Google Cloud Sql Second Generation Utf8Mb4 Encoding
Asked Answered
T

6

11

We are using Google Cloud Sql Second Generation with our AppEngine application. However today we've discovered some problem, we cannot insert emoji characters to our database because we cannot change some server flags to utf8mb4 character encoding.

We've changed character_set_server flag to utf8mb4 but it wasnt enough

We have to change: character_set_system character_set_client collaction_connection

flags to utf8mb4 also, but second generation db is not allowing root user to change those flags. What can we do to solve this problem

Does anyone have any idea about that?

Thanks

Thereby answered 10/8, 2016 at 14:54 Comment(6)
actually I can add emoji characters through mysql client but I cannot add it with Google App Engine java sdk my connection string is jdbc:google:mysql://xxxx:europe-west1:livyappdb/xxxxxxThereby
Can you add a small Java repro for the problem? It sounds like the charset conversion is getting messed up somewhere along the way. Where is the text with emoji coming from, from user input?Welborn
You should also check what character set you are using for the column containing the emoji: #1050228Welborn
the column which contains emoji characters in its data, has utf8mb4 encoding. If I write to that column by using a mysql client it works fine, but when I try to write it through app engine sql api then it doesnt accept emoji charactersThereby
Can you add a small repro case to your post that shows what you are interesting and how you're inserting it?Welborn
We may have the same problem. Could you explain why you think character_set_system, character_set_client and collation_connection are necessary to fix it?Despiteful
G
3

You have to set character_set_server to utf8mb4, change the columns you need to utf8mb4 and create a new Cloud SQL 2nd gen instance with the new flag (!!). Basically, setting the flag on an existing instance and just restarting (tested with 5.7) will not be enough (is this a bug? I did not find it in the docs). Any encoding related connection parameters are not needed and should be removed. The collation will be the standard collation for utf8mb4 which is perfect for me (and probably most cases), even without setting anything.

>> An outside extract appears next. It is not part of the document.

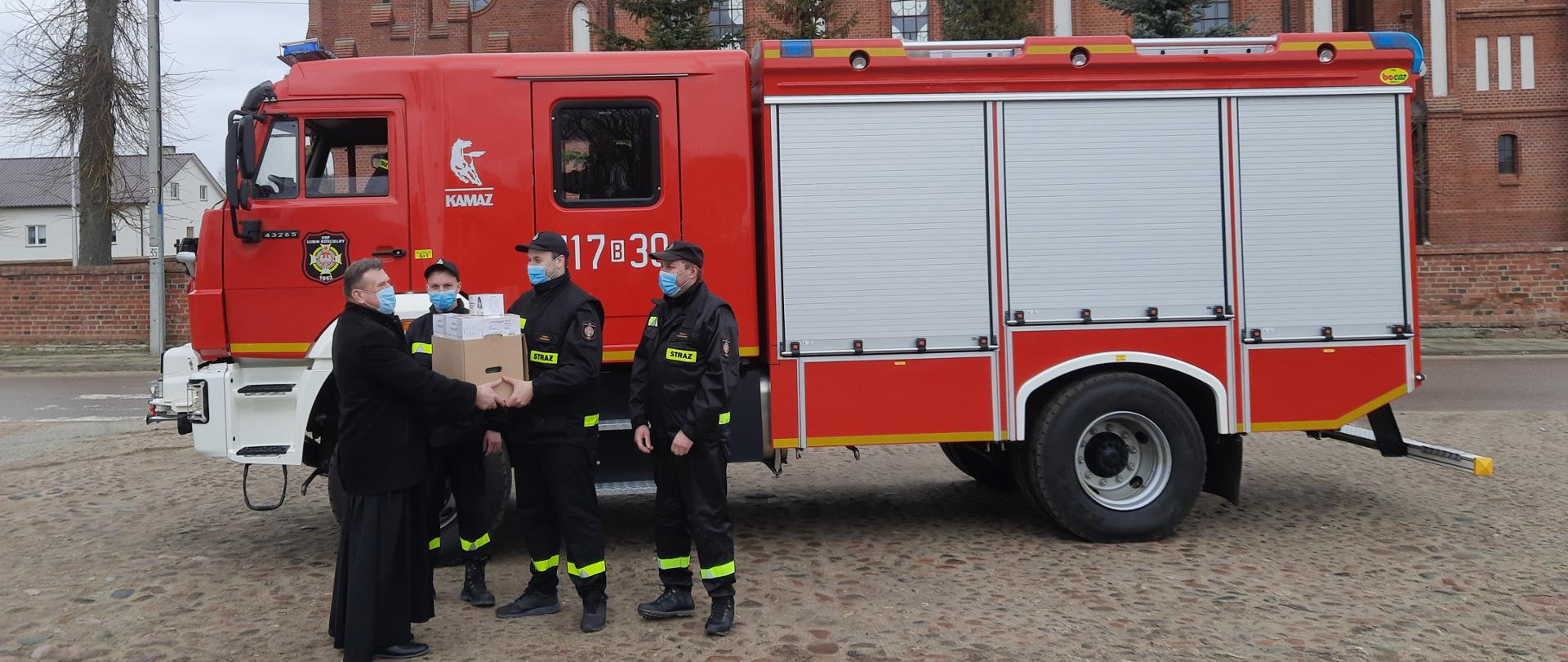 Strażacy przekazują maseczki ochronne księdzu. Zdjęcie wykonane przy wozie strażackim.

Goldfilled answered 8/12, 2016 at 8:56 Comment(1)
Setting character_set_server to utf8mb4 on 5.7 and restarting the instance worked for me.Tuinenga
D
1

We had the exact same problem. Setting character_set_server to utf8mb4 wasn't enough. We could insert emojis through MySQL Workbench, but not through our application.

In our case, this problem went away after we started a new instance running MySQL 5.7 instead of 5.6. So my hypothesis is that in 5.7, but not in 5.6, changing the character_set_server flag lets Google Cloud SQL change those other flags you mention, or some other relevant setting.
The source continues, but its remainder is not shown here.